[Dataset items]

***

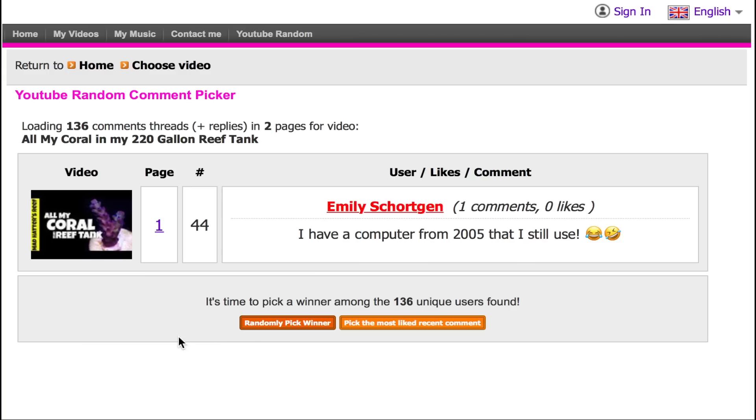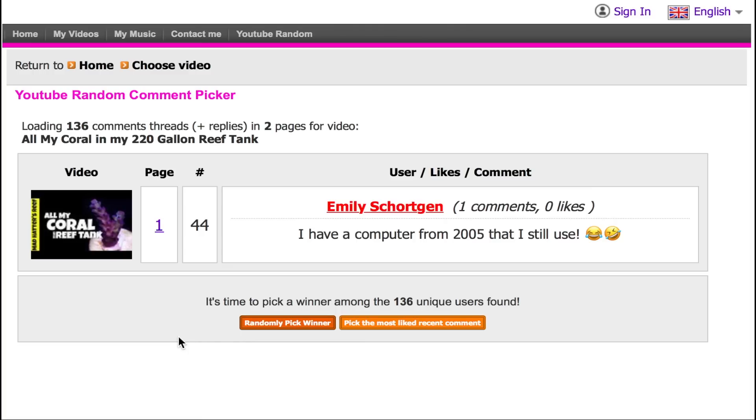We've got to do the comment contest giveaway, so we're jumping into the random YouTube comment selector. The winner is Emily — Emily, you have won yourself a $25 gift certificate to Premium Aquatics! Congratulations. To claim it, reach out to me via Facebook — find my page Mad Hatter's Reef on Facebook, leave me a message, and I'll get back to you so we can link up and get that to you.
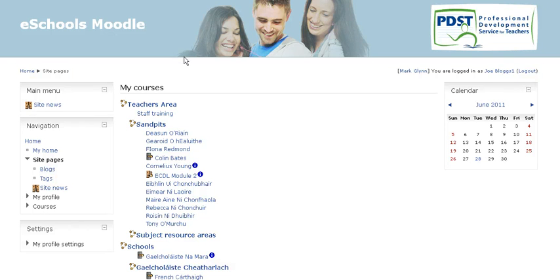This is just a quick video to show you how to change your email address once you're logged into a Moodle 2 instance.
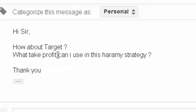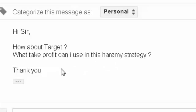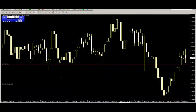Question: What take profit target can I use in this harami strategy? The target is the close price. Here is the harami mother-child pattern and price goes down.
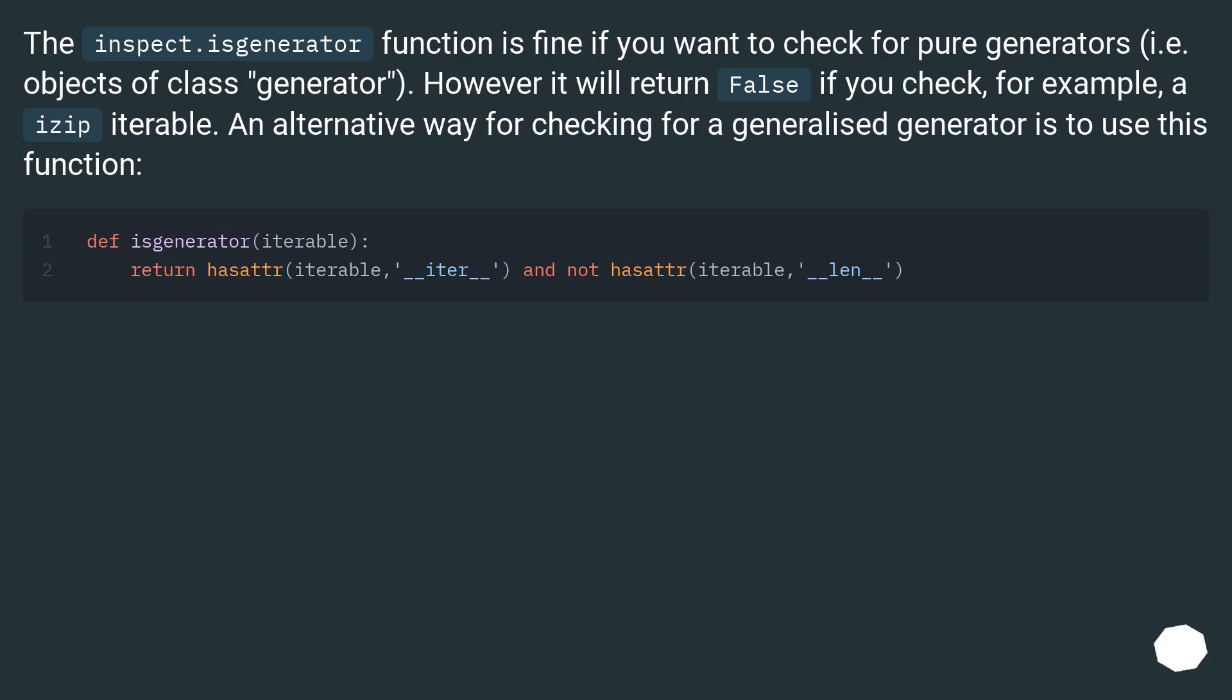The inspect.isGenerator function is fine if you want to check for pure generators, i.e., objects of class generator. However, it will return false if you check, for example, an iterable.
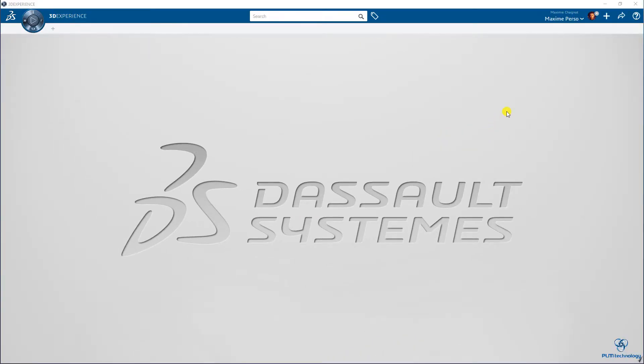Hello everyone, my name is Maxime Chagnon, and today I'm going to show you how we can delete a part on the 3D Experience released 19x on cloud.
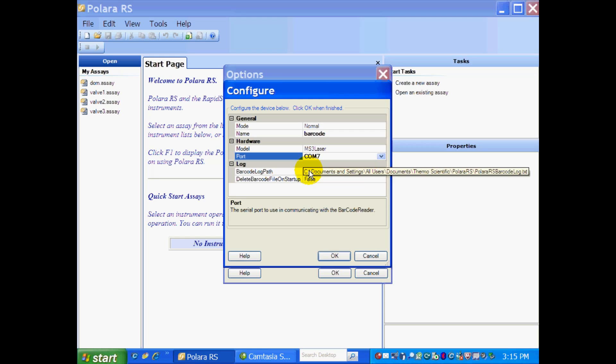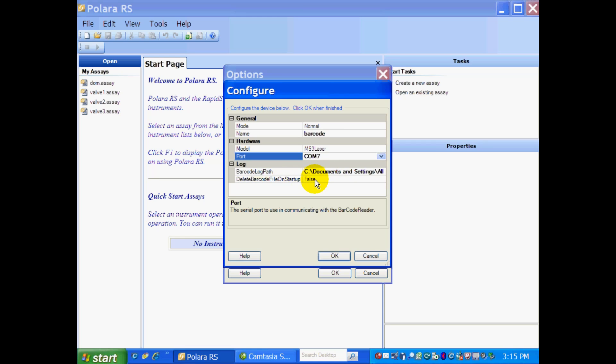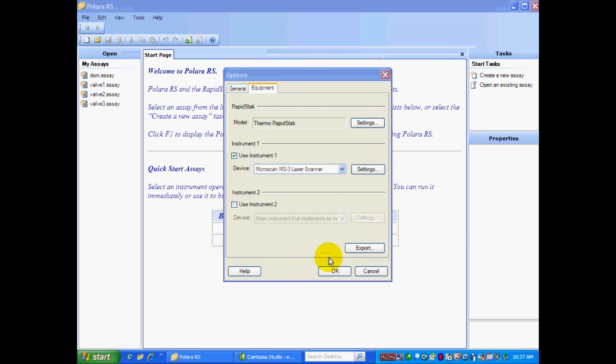The barcode path is sort of preset here. If you'd like the log files to go elsewhere, you can select that. And delete barcode on a file startup, I have it as false. And that's what you want. And you hit OK.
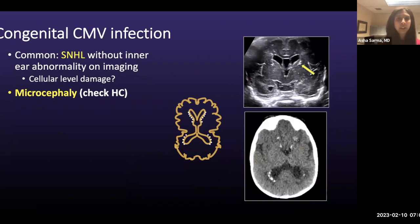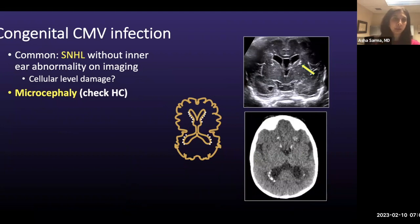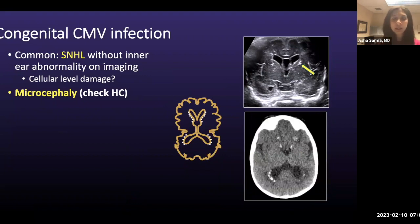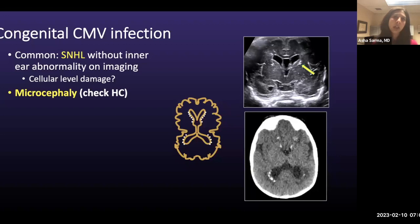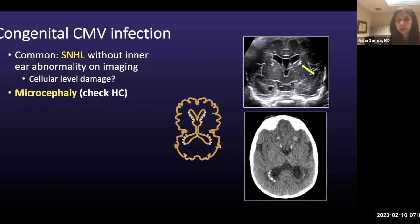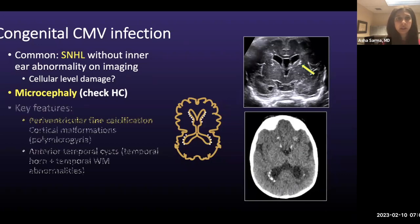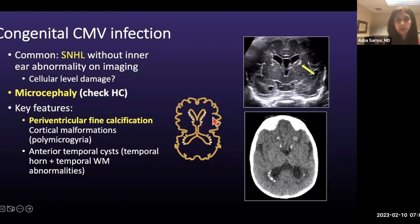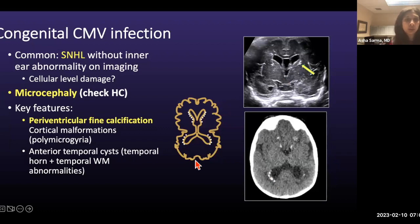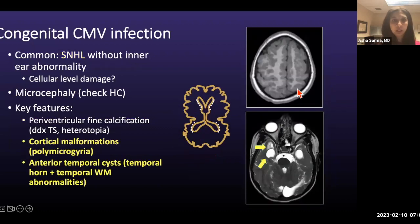Congenital CMV is commonly diagnosed when a patient is referred for sensory neural hearing loss. You might not see inner ear abnormalities on imaging because the hearing loss occurs at the cellular level. I look at the patient's growth chart for microcephaly, which is a really common and important manifestation. Then I look for periventricular calcifications — finer calcifications seen on this schematic, CT image, and ultrasound — and then cortical malformations such as polymicrogyria, with increased gyral frequency and abnormal sulcation.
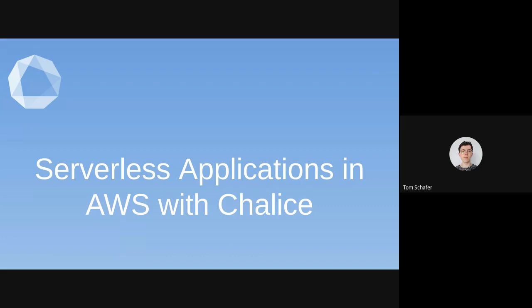Hi everyone, welcome to another session of learning at Lambert Labs. Today's presenter is Rafiq, so I will hand over to Rafiq. Great, thanks Tom.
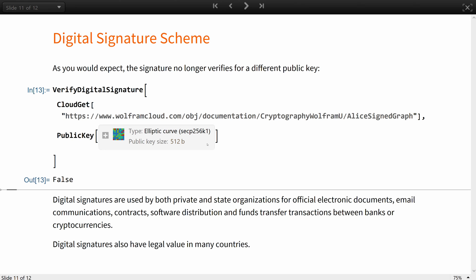The next lessons will cover two of the most famous algorithms in asymmetric cryptography, RSA and elliptic curves, and show how they relate to digital signatures and encryption.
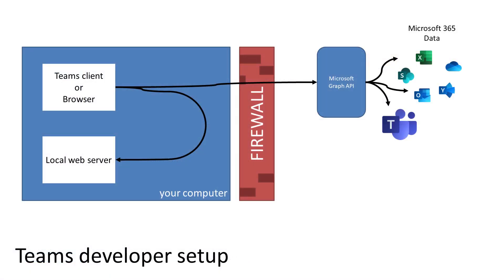So I want to explain what ngrok is and how it works. And to do that, let's take a step back and look at your developer setup. Here's a setup that would be typical of any web developer. You've got your client program, in this case maybe the Teams client or a browser. You've got your web server hosted locally using Node.js in the case of AppCamp Labs. And then you're calling APIs out on the internet. And since they're outgoing calls, your firewall lets them pass through and everything works okay.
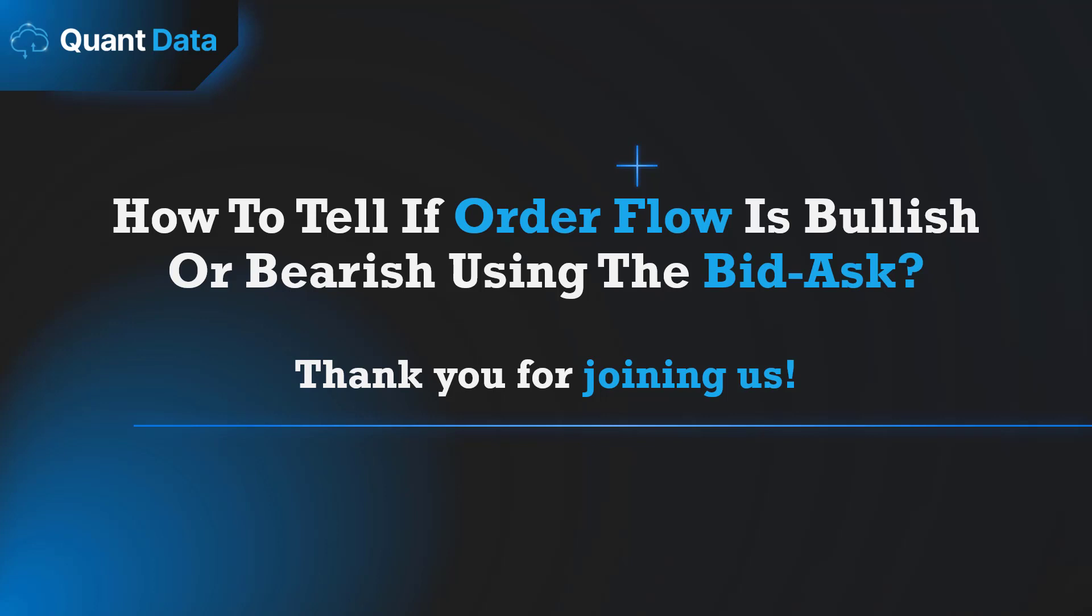In today's video we'll be going over how you can tell if order flow is bullish or bearish using the bid and ask.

***

* _TASK INSTRUCTIONS_
The copy should begin at the line containing "The next lessons" and end at the last line of the data above; please restate those lines word for word without the pictures.

* _EXERCISE ANSWER_
The next lessons will cover two of the most famous algorithms in asymmetric cryptography, RSA and elliptic curves, and show how they relate to digital signatures and encryption.
So I want to explain what ngrok is and how it works. And to do that, let's take a step back and look at your developer setup. Here's a setup that would be typical of any web developer. You've got your client program, in this case maybe the Teams client or a browser. You've got your web server hosted locally using Node.js in the case of AppCamp Labs. And then you're calling APIs out on the internet. And since they're outgoing calls, your firewall lets them pass through and everything works okay.
In today's video we'll be going over how you can tell if order flow is bullish or bearish using the bid and ask.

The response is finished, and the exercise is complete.